Nina Lesavoy Talks PE Fundraising
Veteran PE fund placement agent discusses the private equity fundraising business amidst the credit crunch
By Kelly Holman July 21, 2008
IDD recently sat down for a chat with Nina Lesavoy, managing director and founder of Avec Capital, an affiliate of New York alternative assets advisory firm XT Capital Partners, to discuss the business of private equity fundraising amidst one of the buyout industry's toughest acquisition markets.
Lesavoy, a 20-year investment management professional and fundraising advisor, is hardly a stranger to the private finance world. Her network of contacts in the institutional investment is extensive. For instance, she counts top investment officers like Jay Fewel, director of investment at the Oregon Investment Council, and Lawrence Kochard, chief investment officer of Georgetown University, as friends in the industry.
It was as the former head of sales and client service at Chancellor Capital, which later became LGT Asset Management, from 1986 to 1998 where the charismatic Lesavoy developed far-reaching relations in the pension and endowment world as well as honed her knowledge of financial products.

Nina Lesavoy
In 1998, she joined Invesco as a director with responsibility for its institutional Internet strategy along with marketing, which has proven handy when it comes to selling a fund's strategy to institutional investors.

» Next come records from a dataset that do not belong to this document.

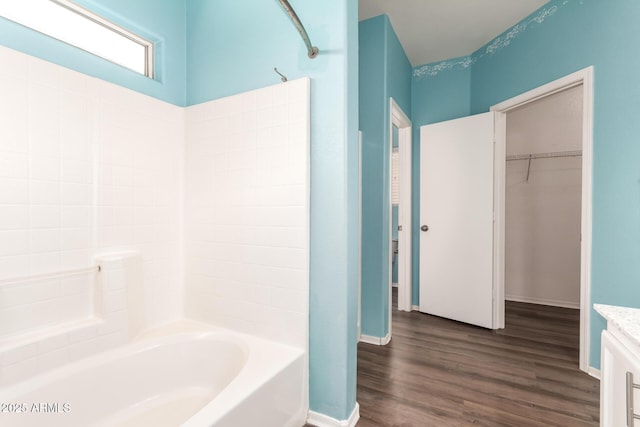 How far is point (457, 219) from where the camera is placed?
3.01m

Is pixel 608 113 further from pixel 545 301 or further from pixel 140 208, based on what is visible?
pixel 140 208

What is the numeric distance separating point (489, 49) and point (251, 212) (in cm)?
294

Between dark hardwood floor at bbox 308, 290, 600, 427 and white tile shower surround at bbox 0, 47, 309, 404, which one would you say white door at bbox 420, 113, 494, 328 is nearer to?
dark hardwood floor at bbox 308, 290, 600, 427

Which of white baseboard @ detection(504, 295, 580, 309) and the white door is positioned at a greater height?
the white door

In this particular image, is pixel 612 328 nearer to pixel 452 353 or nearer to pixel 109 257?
pixel 452 353

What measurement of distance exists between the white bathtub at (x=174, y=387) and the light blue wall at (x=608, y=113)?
208 cm

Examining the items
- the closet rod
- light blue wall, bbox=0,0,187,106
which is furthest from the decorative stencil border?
light blue wall, bbox=0,0,187,106

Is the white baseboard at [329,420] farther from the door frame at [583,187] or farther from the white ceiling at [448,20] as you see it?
the white ceiling at [448,20]

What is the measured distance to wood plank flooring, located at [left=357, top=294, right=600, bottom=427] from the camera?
1604mm

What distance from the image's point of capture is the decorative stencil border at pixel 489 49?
2414mm

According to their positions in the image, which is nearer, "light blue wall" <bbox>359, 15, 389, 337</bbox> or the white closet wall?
"light blue wall" <bbox>359, 15, 389, 337</bbox>

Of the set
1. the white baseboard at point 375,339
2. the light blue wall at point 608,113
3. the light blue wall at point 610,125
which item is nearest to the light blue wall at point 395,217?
the white baseboard at point 375,339

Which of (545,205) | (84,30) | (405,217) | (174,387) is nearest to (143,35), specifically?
(84,30)

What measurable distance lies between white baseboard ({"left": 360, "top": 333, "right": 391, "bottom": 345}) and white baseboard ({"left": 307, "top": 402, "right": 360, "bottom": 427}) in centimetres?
93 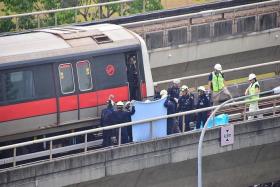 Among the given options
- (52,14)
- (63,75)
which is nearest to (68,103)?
(63,75)

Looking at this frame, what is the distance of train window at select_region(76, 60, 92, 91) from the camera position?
2744 centimetres

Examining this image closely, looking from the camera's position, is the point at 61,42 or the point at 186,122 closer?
the point at 186,122

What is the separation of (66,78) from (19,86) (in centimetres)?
135

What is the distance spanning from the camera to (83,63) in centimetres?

After a stint at Investor Force, Lesavoy co-founded Cue Capital, a New York strategic fundraising firm, in 2003. It was there that she helped New York private equity firm Symphony Capital secure $315 million in commitments for its debut fund that closed in December 2004, raising capital from a mix of institutional clients including endowments, foundations and a pension fund.

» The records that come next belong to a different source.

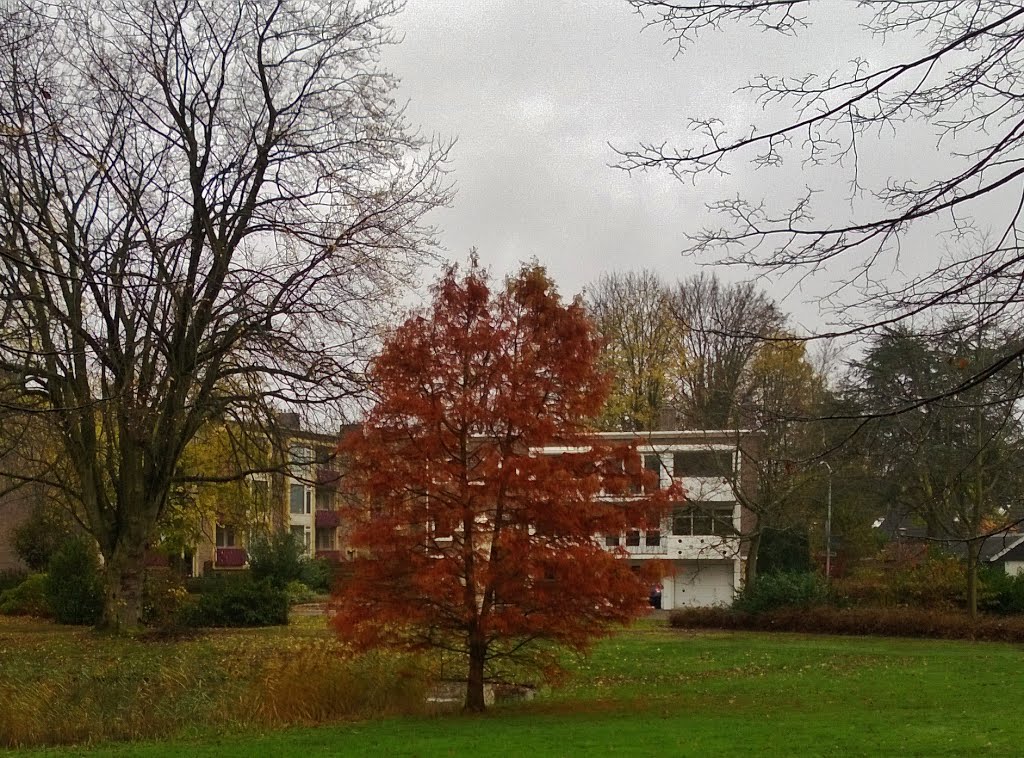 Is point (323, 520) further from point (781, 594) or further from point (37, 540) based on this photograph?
point (781, 594)

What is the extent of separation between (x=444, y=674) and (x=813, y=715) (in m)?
6.22

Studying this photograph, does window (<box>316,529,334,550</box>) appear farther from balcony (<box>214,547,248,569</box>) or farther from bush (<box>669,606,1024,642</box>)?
bush (<box>669,606,1024,642</box>)

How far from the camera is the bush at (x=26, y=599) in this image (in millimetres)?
36938

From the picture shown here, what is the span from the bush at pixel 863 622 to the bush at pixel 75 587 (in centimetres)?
1744

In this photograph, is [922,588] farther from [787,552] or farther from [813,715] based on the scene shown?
[813,715]

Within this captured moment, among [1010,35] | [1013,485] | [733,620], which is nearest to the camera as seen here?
[1010,35]

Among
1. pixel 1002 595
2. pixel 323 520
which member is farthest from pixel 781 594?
pixel 323 520

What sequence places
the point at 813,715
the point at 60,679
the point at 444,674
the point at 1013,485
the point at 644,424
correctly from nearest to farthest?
the point at 813,715 → the point at 60,679 → the point at 444,674 → the point at 1013,485 → the point at 644,424

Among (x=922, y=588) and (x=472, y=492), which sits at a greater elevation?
(x=472, y=492)

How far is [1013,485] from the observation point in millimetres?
30188

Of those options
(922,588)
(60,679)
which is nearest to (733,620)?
(922,588)

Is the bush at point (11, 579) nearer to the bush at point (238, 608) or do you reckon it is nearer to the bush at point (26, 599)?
the bush at point (26, 599)

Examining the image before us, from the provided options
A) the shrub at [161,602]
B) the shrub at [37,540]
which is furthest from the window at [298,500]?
the shrub at [161,602]

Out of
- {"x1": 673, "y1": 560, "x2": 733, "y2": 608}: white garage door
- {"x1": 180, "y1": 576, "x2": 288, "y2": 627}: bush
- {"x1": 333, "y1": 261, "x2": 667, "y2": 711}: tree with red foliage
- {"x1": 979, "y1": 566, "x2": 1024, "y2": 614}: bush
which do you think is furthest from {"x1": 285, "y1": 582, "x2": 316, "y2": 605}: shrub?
{"x1": 333, "y1": 261, "x2": 667, "y2": 711}: tree with red foliage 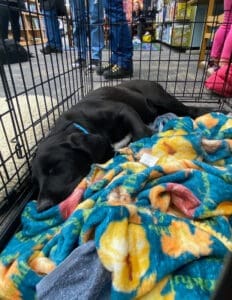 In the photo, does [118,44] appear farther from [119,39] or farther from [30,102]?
[30,102]

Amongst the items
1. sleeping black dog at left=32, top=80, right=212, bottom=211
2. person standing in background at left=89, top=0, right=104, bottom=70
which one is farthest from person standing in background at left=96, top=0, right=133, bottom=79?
sleeping black dog at left=32, top=80, right=212, bottom=211

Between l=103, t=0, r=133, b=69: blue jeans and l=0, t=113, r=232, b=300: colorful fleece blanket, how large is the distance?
1.50 meters

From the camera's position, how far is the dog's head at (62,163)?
0.84 meters

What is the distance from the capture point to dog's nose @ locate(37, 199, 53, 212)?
2.63ft

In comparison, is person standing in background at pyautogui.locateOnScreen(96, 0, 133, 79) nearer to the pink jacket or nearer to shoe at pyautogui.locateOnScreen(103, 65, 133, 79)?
shoe at pyautogui.locateOnScreen(103, 65, 133, 79)

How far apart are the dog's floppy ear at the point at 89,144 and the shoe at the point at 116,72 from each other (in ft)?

At the beginning of 2008, Lesavoy took her next entrepreneurial plunge with the launch of alternative asset advisory firm Avec Capital, where she works mostly with lower to middle-market private equity funds.
A New York City native and Duke University graduate who's described as positive and very engaging by those who know her, Lesavoy isn't just private equity industry-connected. She's been involved in various social causes, including an active board position on inner city youth empowerment organization New Heights. Extracurricular activities aside, Lesavoy's passion about the private equity fundraising business is well summed up in her own words: "The people are smart and, whether it's the funds or the investors, it's a marvelous business to be in."
Following are excerpts of our conversation:
IDD: The private equity fundraising market was brisk last year. How did the funds with good, but not necessarily spectacular, return performance handle meeting their fundraising targets?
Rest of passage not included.